The GLONASS satellite communications system on Monday started operation on Vladivostok's municipal transport. The satellite equipment is installed in all 78 Vladivostok municipal buses, trolleybuses and trams, as well as in dozens of buses of commercial carriers. At the next stage passenger boats, ferries and more than two hundred commercial buses will also be equipped with this system.

The press service of the city administration told Itar-Tass that the data on urban transport are transmitted to the control complex, where the manager is watching routes, motion graphics, speed and fuel consumption. In addition, the satellite map shows all the bus stop zones entering which the stops' names are automatically voiced in the passenger compartment.

The next stage of modernisation of urban transport in Vladivostok will be the introduction of the electronic fare payment system. Passengers will be able to pay for travel using social or banking cards, and portable terminals will be installed in the compartments of buses, trolleybuses and trams.

GLONASS (GLObal NAvigation Satellite System) is a radio-based satellite navigation system operated for the Russian government by the Russian Space Forces. It is an alternative and complementary to the United States' Global Positioning System (GPS), the Chinese Compass navigation system, and the planned Galileo positioning system of the European Union (EU).

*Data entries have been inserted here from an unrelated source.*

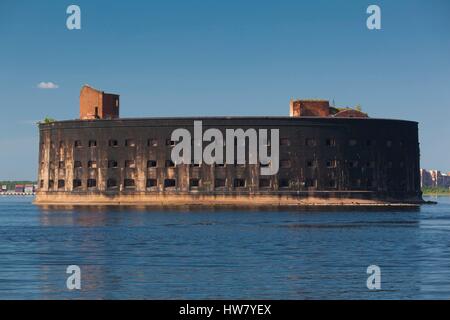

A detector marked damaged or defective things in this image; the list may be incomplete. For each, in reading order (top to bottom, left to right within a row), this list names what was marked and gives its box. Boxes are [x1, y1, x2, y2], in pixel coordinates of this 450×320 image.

rusty stained wall [37, 117, 424, 201]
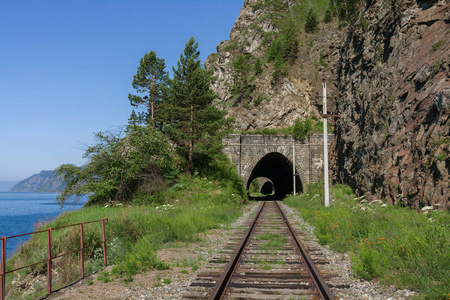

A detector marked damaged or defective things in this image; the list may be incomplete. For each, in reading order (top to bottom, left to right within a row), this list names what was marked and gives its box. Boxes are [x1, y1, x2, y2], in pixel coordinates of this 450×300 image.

rusty metal railing [0, 218, 108, 300]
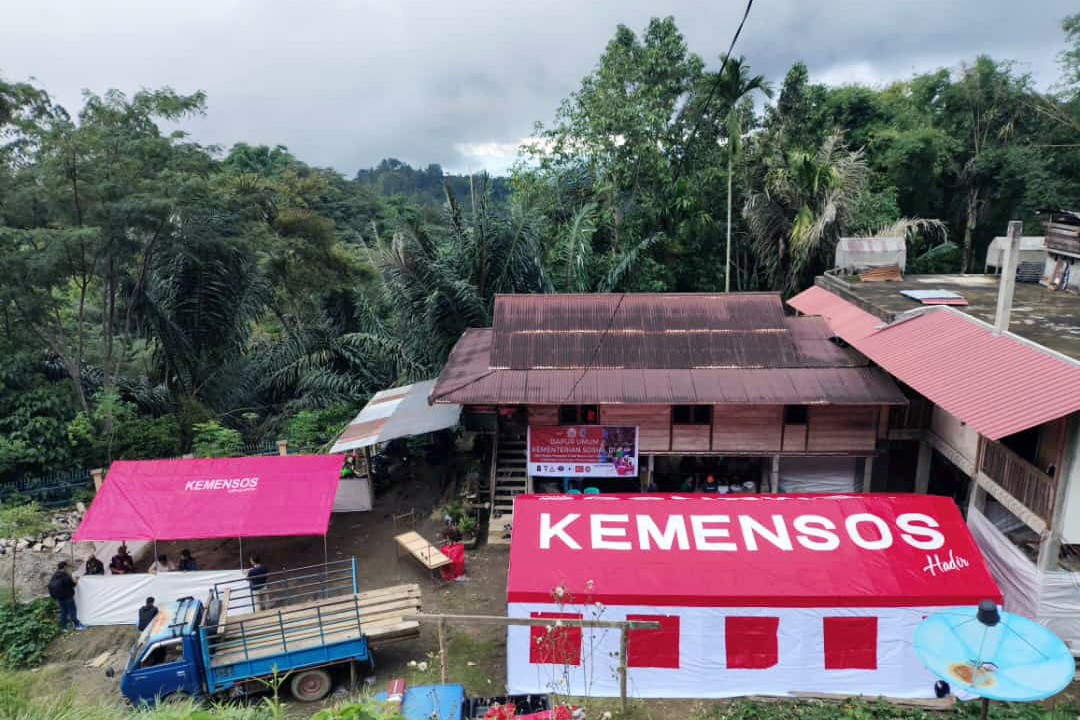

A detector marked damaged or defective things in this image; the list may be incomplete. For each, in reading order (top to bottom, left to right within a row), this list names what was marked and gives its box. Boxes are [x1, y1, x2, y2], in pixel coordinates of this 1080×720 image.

brown rusted roof [490, 293, 812, 369]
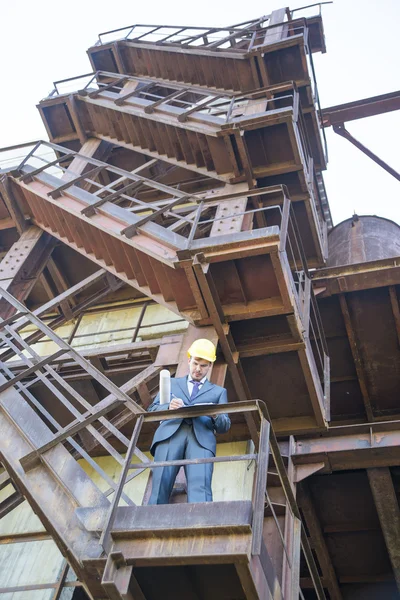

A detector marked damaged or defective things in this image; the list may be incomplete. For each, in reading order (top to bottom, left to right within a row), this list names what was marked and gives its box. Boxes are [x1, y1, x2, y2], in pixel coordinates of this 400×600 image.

rusty steel beam [322, 91, 400, 127]
rusty steel beam [332, 123, 398, 183]
rusty steel beam [368, 466, 400, 592]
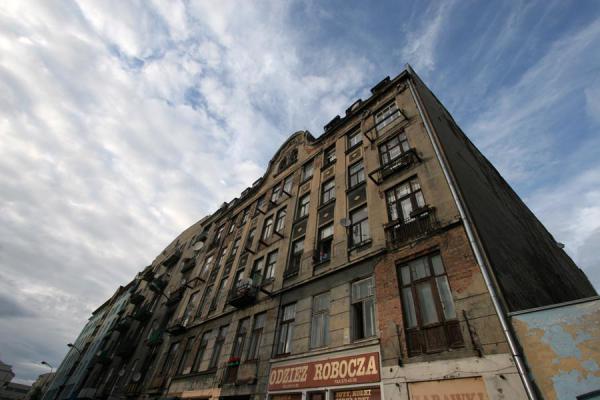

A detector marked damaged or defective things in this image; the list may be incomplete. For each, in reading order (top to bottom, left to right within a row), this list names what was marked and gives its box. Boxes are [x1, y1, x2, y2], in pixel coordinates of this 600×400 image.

peeling plaster wall [510, 298, 600, 398]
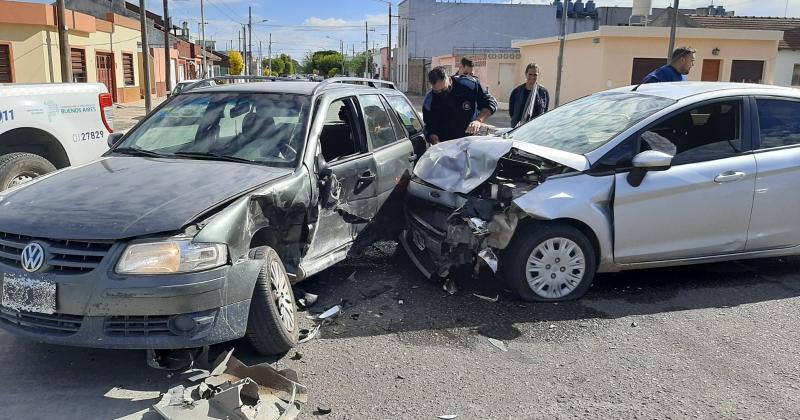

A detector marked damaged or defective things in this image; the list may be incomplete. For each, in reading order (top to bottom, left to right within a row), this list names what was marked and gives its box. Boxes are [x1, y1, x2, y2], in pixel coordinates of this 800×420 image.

crumpled hood [412, 136, 588, 194]
broken side mirror [628, 148, 672, 186]
crumpled hood [0, 157, 290, 240]
broken headlight [116, 241, 228, 274]
broken plastic piece [478, 248, 496, 274]
shattered bumper [0, 244, 260, 350]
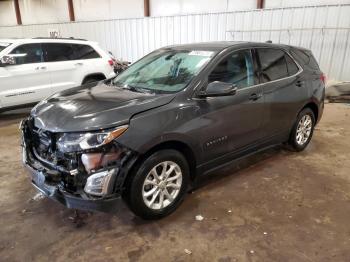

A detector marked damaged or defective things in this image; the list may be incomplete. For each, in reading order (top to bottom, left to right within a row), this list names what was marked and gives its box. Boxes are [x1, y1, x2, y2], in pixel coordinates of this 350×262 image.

detached bumper piece [20, 118, 137, 213]
damaged front bumper [20, 118, 138, 213]
broken headlight [56, 125, 128, 152]
crumpled hood [30, 81, 175, 132]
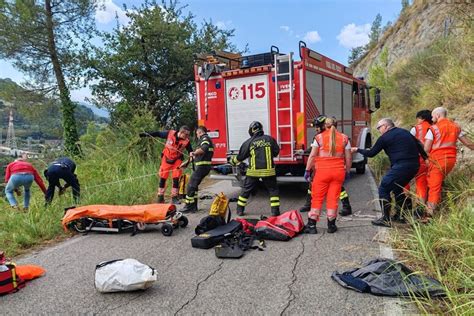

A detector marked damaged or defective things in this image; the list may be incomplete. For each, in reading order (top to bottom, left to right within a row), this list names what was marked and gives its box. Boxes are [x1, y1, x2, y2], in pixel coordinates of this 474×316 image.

Development on the GLONASS began in the Soviet Union in 1976. Beginning on 12 October 1982, numerous rocket launches added satellites to the system until the constellation was completed in 1995. Following completion, the system fell into disrepair with the collapse of the Russian economy. In the early 2000s, under Vladimir Putin's presidency, the restoration of the system was made a top government priority and funding was substantially increased.

GLONASS is currently the most expensive program of the Russian Federal Space Agency, consuming a third of its budget in 2010. By 2010, GLONASS had achieved 100 percent coverage of Russia's territory.

As of February 2011, the constellation consists of 22 operational satellites, short of the 24 satellites needed to provide continuous global coverage, and is expected to be completed during 2011. The GLONASS satellites designs have undergone several upgrades, with the latest version being GLONASS-K.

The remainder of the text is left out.